- _WHAT TO WORK ON_: Please give the entries below again exactly, omitting every picture.

*** Block opens ***

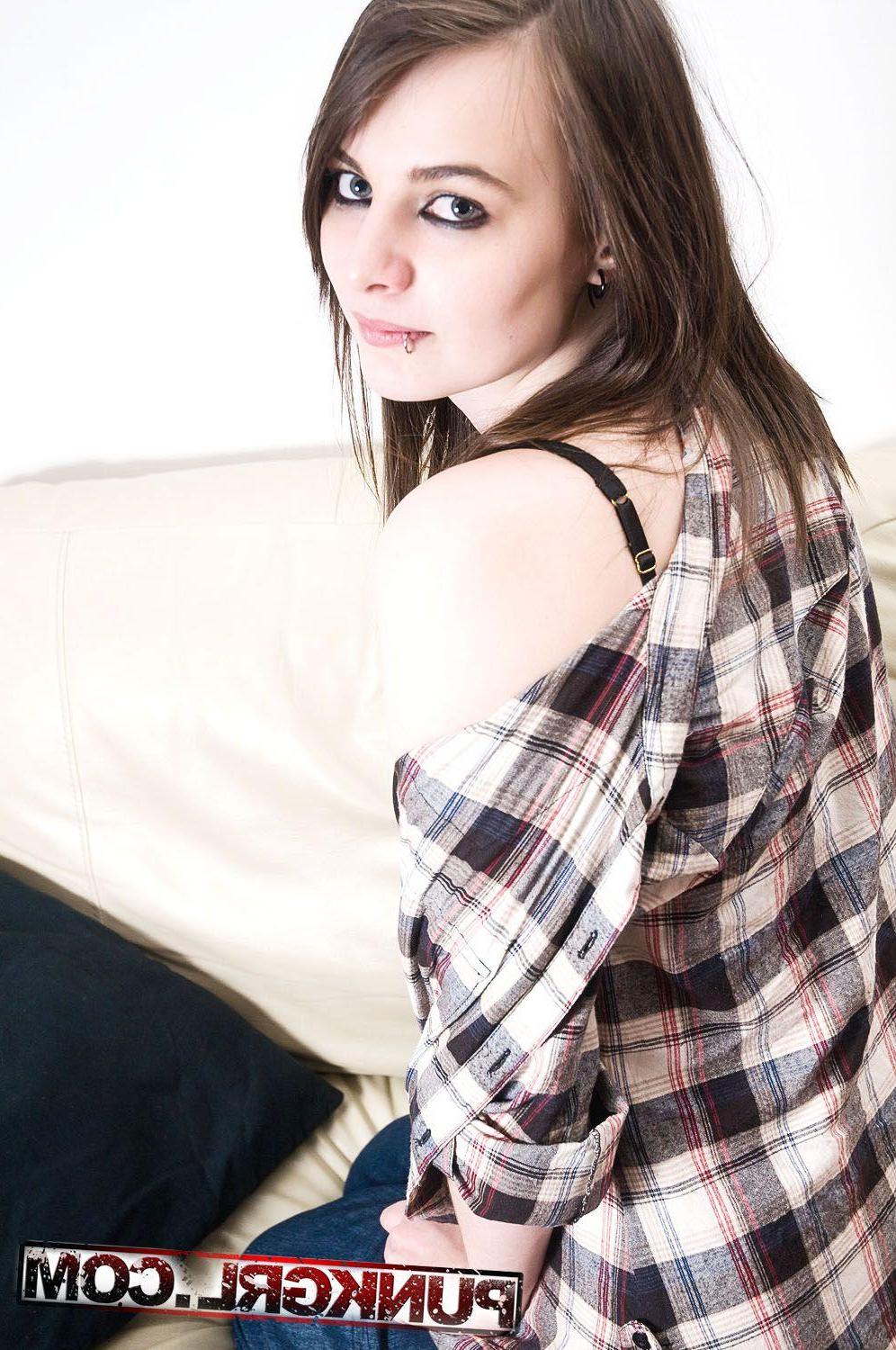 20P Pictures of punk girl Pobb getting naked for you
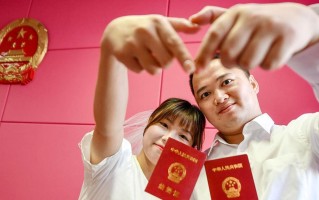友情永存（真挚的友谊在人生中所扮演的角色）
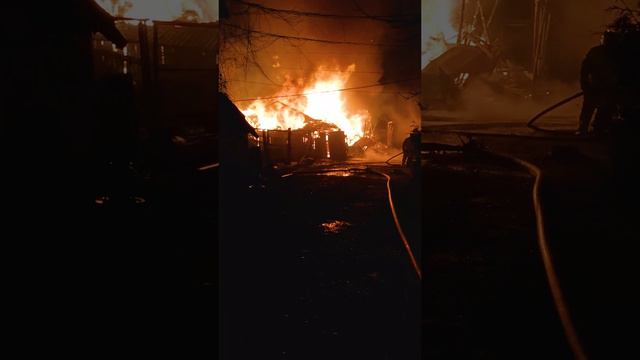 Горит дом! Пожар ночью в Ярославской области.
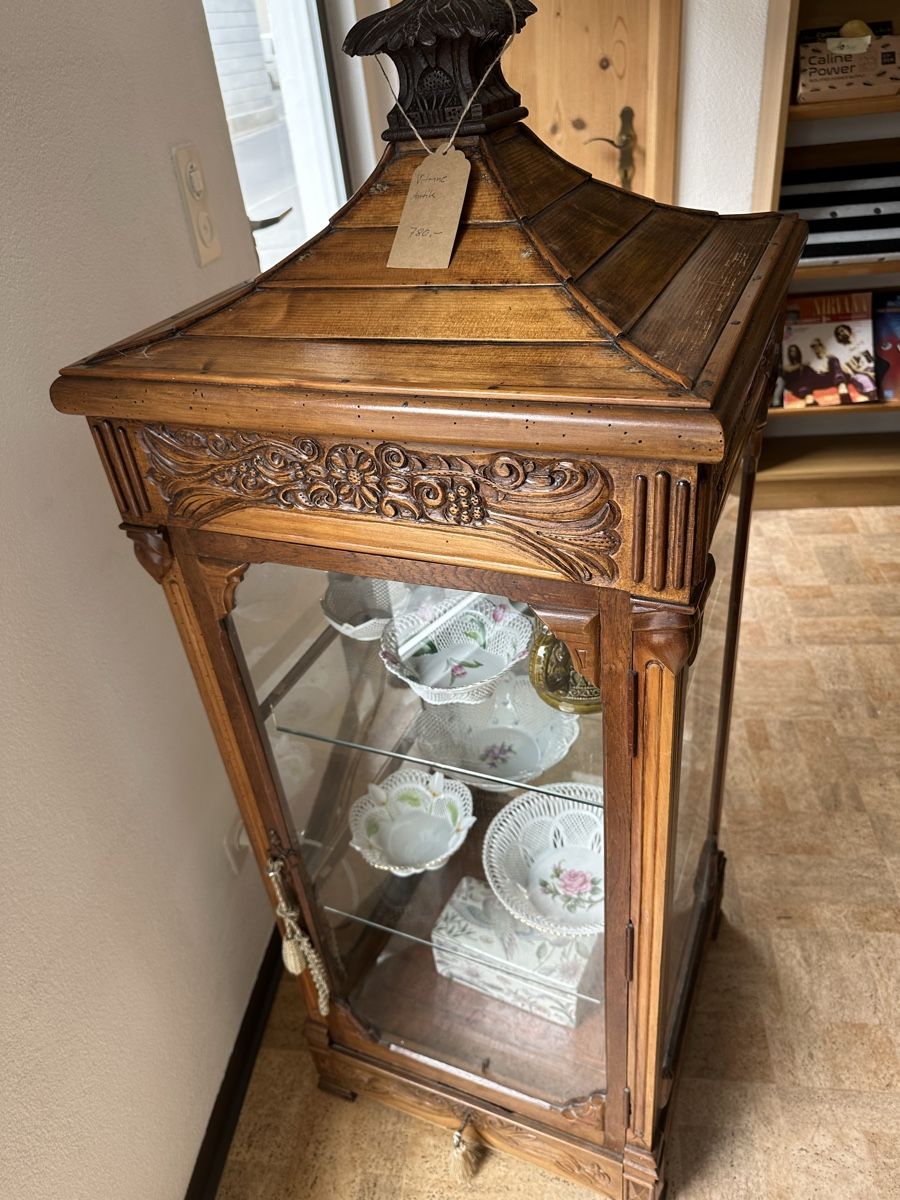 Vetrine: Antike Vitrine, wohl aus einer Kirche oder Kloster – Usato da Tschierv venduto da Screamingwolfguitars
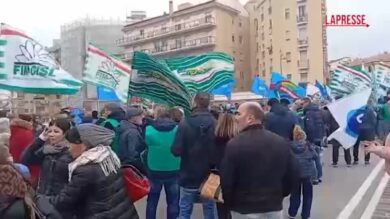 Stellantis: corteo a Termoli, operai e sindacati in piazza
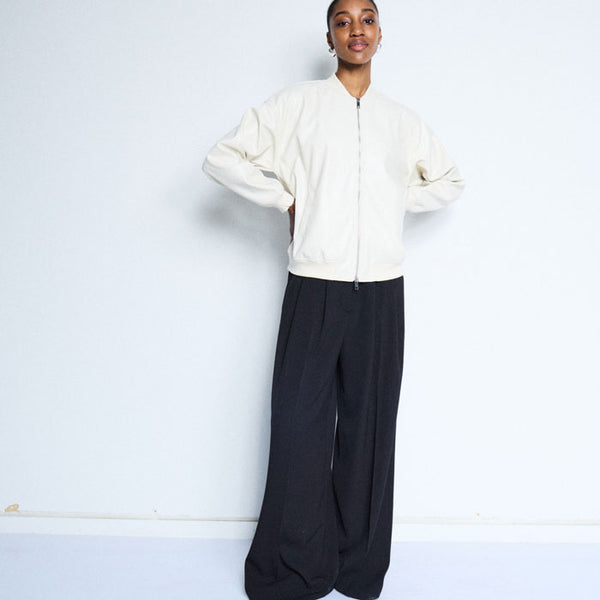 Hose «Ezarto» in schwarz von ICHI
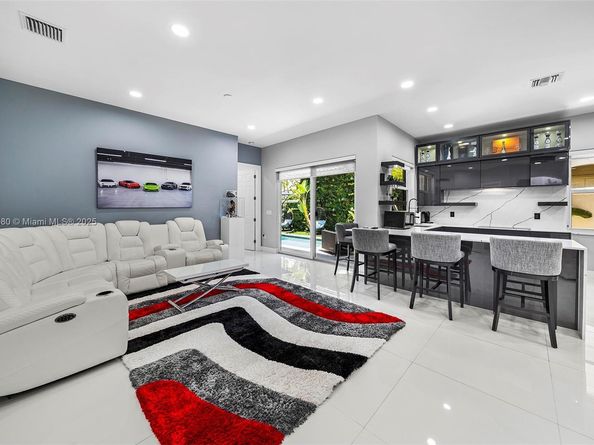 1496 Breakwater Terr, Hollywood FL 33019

*** Block closes ***

- _ANSWER AREA_:
 20P Pictures of punk girl Pobb getting naked for you
友情永存（真挚的友谊在人生中所扮演的角色）
 Горит дом! Пожар ночью в Ярославской области.
 Vetrine: Antike Vitrine, wohl aus einer Kirche oder Kloster – Usato da Tschierv venduto da Screamingwolfguitars
 Stellantis: corteo a Termoli, operai e sindacati in piazza
 Hose «Ezarto» in schwarz von ICHI
 1496 Breakwater Terr, Hollywood FL 33019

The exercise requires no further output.